Ok, so first of all, the Jacobi identity is always true for the covariant derivative. If $\psi$ is a section of any vector bundle on which the covariant derivative acts (indices suppressed), we have $$ [\nabla_i,[\nabla_j,\nabla_k]]\psi=\nabla_i[\nabla_j,\nabla_k]\psi-[\nabla_j,\nabla_k]\nabla_i\psi \\ = \nabla_i\nabla_j\nabla_k\psi-\nabla_i\nabla_k\nabla_j\psi-\nabla_j\nabla_k\nabla_i\psi+\nabla_k\nabla_j\nabla_i\psi. $$ If we take the cyclic sum, we get $$[\nabla_i,[\nabla_j,\nabla_k]]\psi+\text{cyclic} =\color{red}{\nabla_i\nabla_j\nabla_k\psi}+\color{green}{\nabla_j\nabla_k\nabla_i\psi}+\color{purple}{\nabla_k\nabla_i\nabla_j\psi} \\ -\color{blue}{\nabla_i\nabla_k\nabla_j\psi}-\color{brown}{\nabla_j\nabla_i\nabla_k\psi}-\nabla_k\nabla_j\nabla_i\psi \\ -\color{green}{\nabla_j\nabla_k\nabla_i\psi}-\color{purple}{\nabla_k\nabla_i\nabla_j\psi}-\color{red}{\nabla_i\nabla_j\nabla_k\psi} \\ +\nabla_k\nabla_j\nabla_i\psi+\color{blue}{\nabla_i\nabla_k\nabla_j\psi}+\color{brown}{\nabla_j\nabla_i\nabla_k\psi}. $$ The identically colored pairs cancel pairwise, hence the Jacobi identity is true for the covariant derivative.

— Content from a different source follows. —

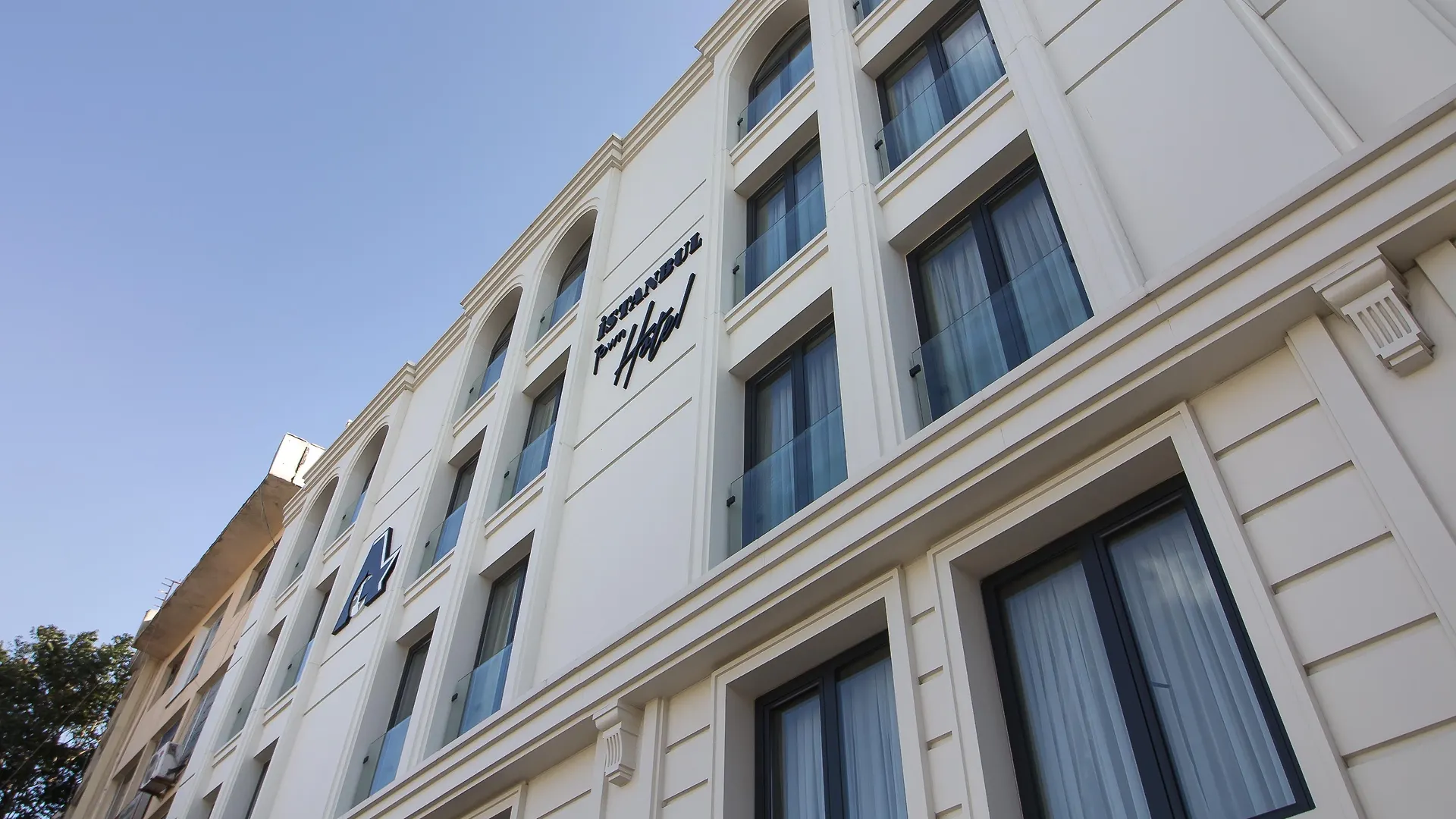Istanbul Town Hotel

What (apparantly) stumps OP is that if the covariant derivatives are expanded explicitly, we get - combined with the Jacobi identity - a nontrivial identity. Which is btw faulty in the OP.
For a scalar field $\phi$, the Ricci identity is $$ [\nabla_i,\nabla_j]\phi=-T^k_{\ ij}\nabla_k\phi, $$ whereas for a covector field $\omega_i$, the Ricci identity is $$ [\nabla_i,\nabla_j]\omega_k=-R^l_{\ kij}\omega_l-T^l_{\ ij}\nabla_l\omega_k. $$
We thus get $$ [\nabla_i,[\nabla_j,\nabla_k]]\phi=\nabla_i([\nabla_j,\nabla_k]\phi)-[\nabla_j,\nabla_k]\nabla_i\phi=\nabla_i(-T^l_{\ jk}\nabla_l\phi)+R^l_{\ ijk}\nabla_l\phi+T^l_{\ jk}\nabla_l\nabla_i\phi \\ =(R^l_{\ ijk}-\nabla_i T^l_{\ jk}+T^p_{\ jk}T_{\ ip}^l)\nabla_l\phi, $$ hence we get the relation (the cyclic permutation is up to a constant factor same as the antisymmetrization) $$ R^l_{\ [ijk]}=\nabla_{[i}T^l_{\ jk]}-T^l_{\ [i|p|}T^p_{\ jk]}. $$
This is nothing else than the "algebraic" Bianchi identity (which is only truly algebraic if the torsion vanishes), which has been obtained as a consequence of the Jacobi identity.